### EXERCISE DESCRIPTION
Begin at the line below that has "Guest room at Baymont by Wyndham Georgetown.". Stop after the line that has "Grand Oasis Cancun suite", repeating each line exactly and leaving out the pictures.

### SOURCE MATERIAL
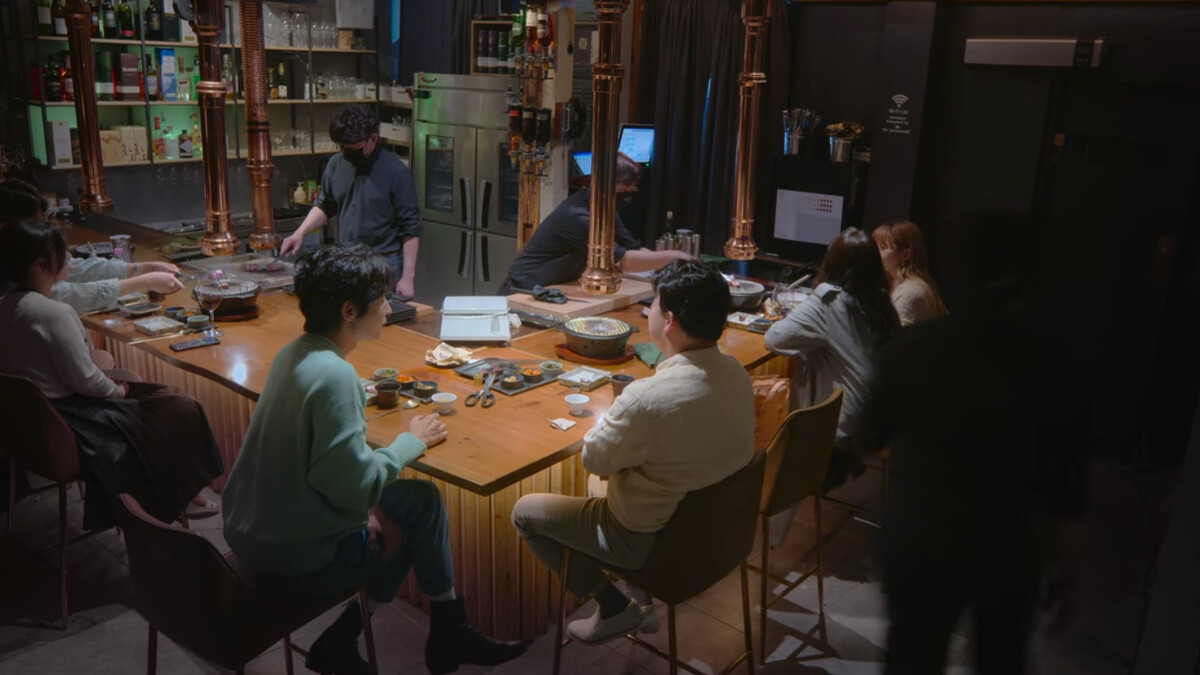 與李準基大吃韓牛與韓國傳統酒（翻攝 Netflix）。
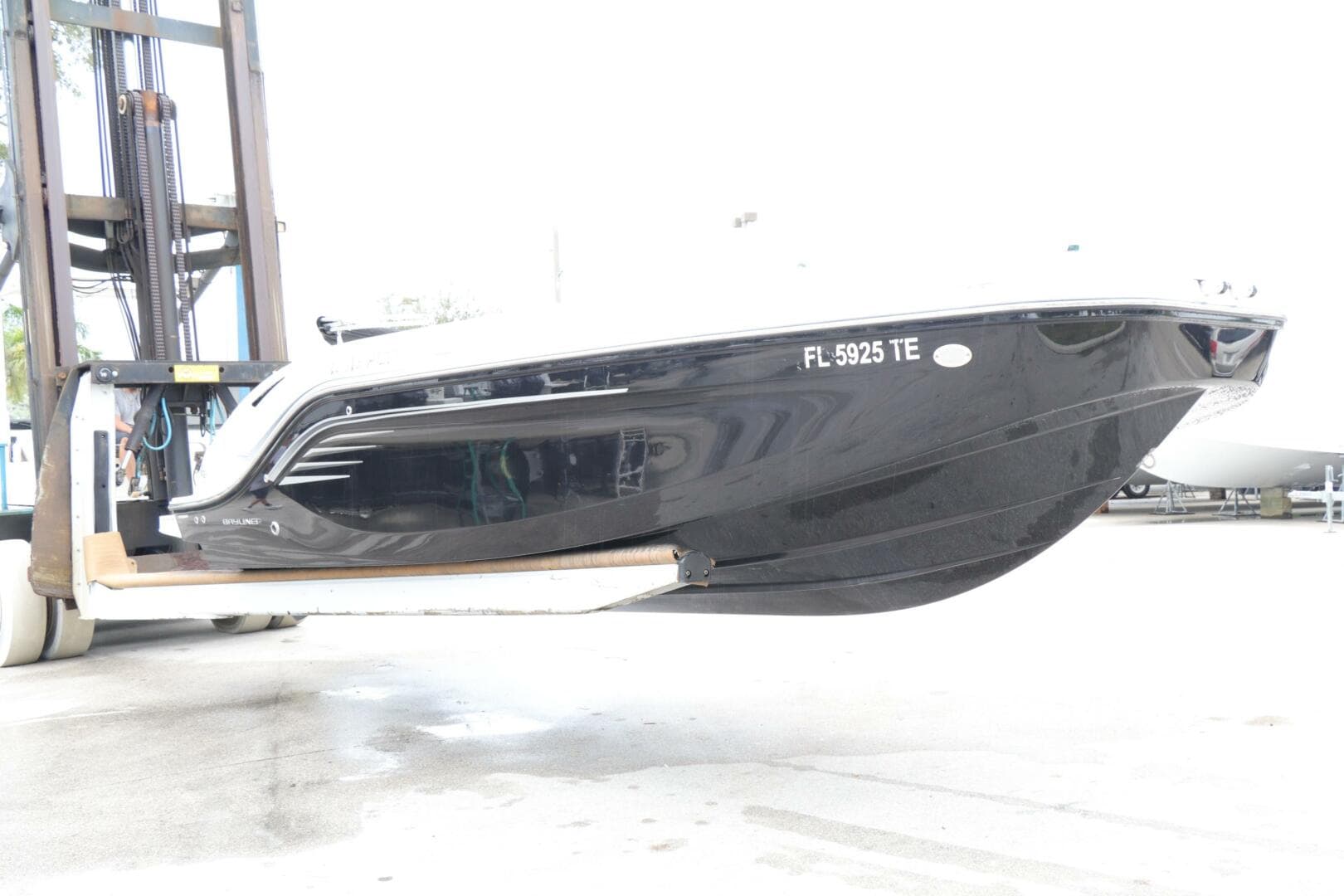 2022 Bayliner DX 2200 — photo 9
---
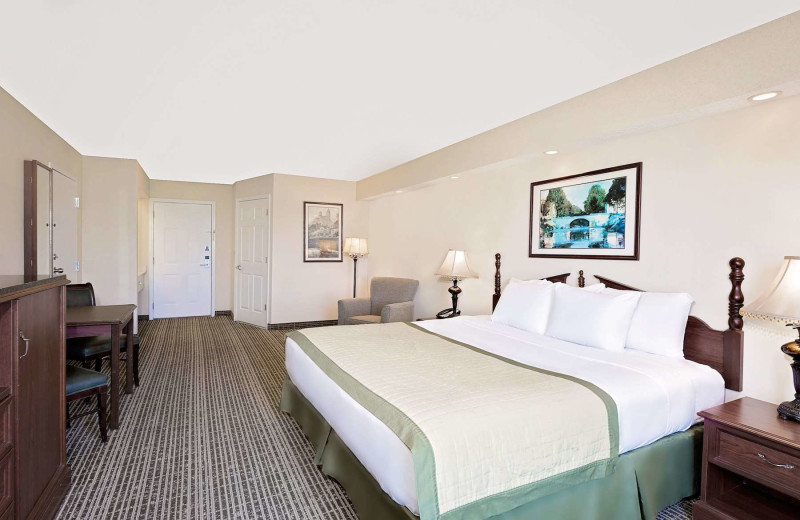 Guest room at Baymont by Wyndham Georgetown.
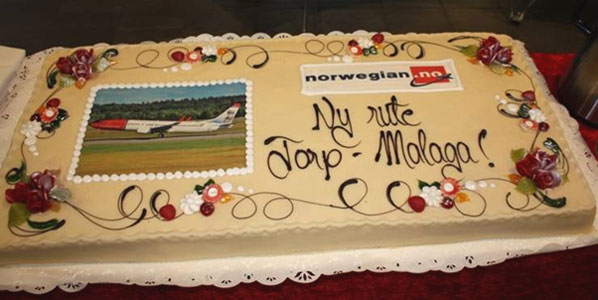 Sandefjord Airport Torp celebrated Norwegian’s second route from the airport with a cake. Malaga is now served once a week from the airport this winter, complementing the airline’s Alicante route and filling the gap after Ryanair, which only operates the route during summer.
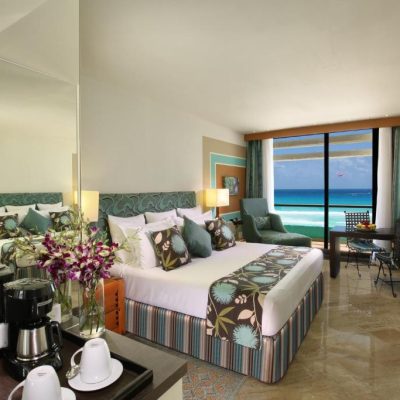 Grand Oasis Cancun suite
...
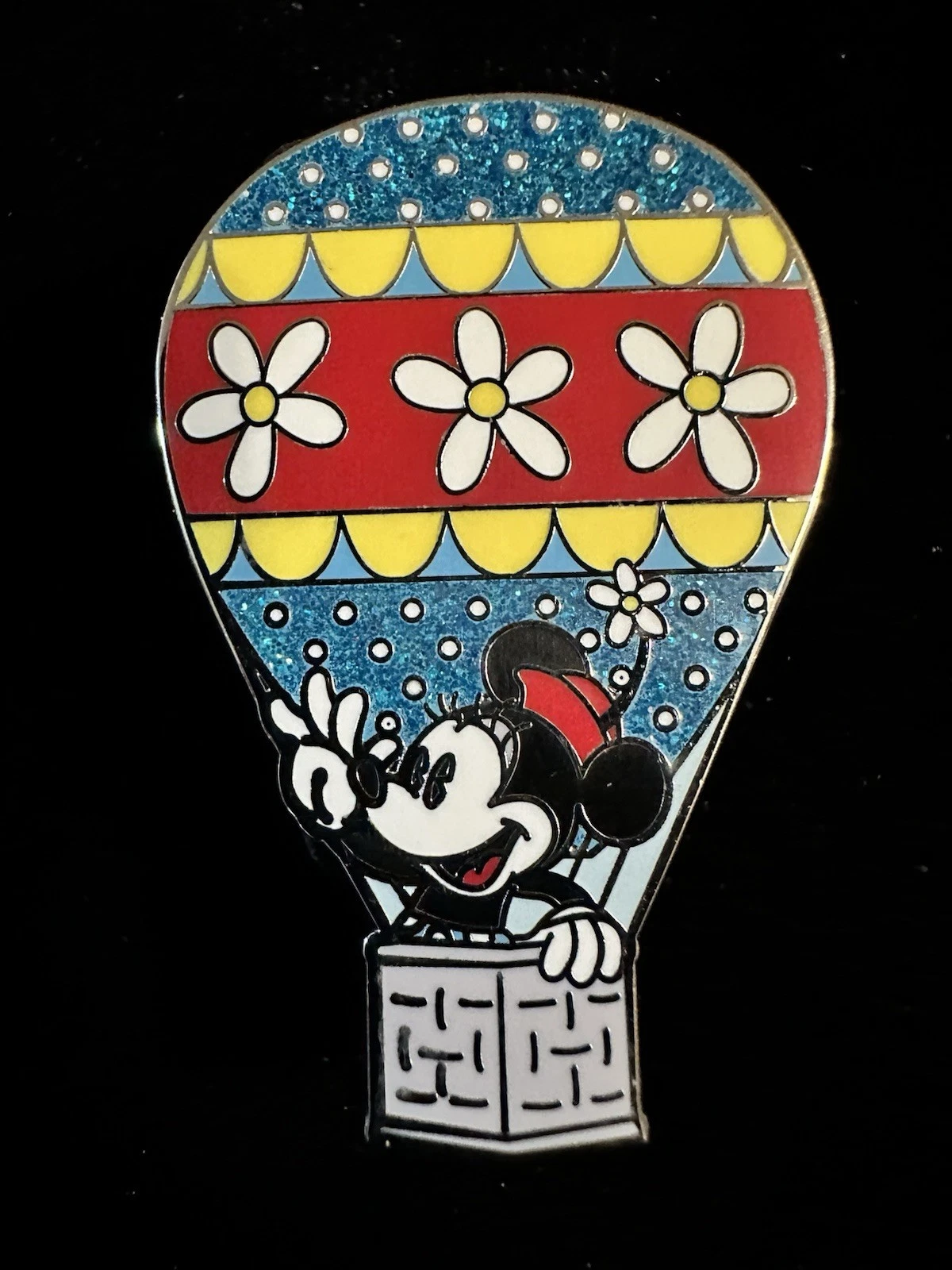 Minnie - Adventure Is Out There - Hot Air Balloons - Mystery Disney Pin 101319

### TASK RESULT
 Guest room at Baymont by Wyndham Georgetown.
 Sandefjord Airport Torp celebrated Norwegian’s second route from the airport with a cake. Malaga is now served once a week from the airport this winter, complementing the airline’s Alicante route and filling the gap after Ryanair, which only operates the route during summer.
 Grand Oasis Cancun suite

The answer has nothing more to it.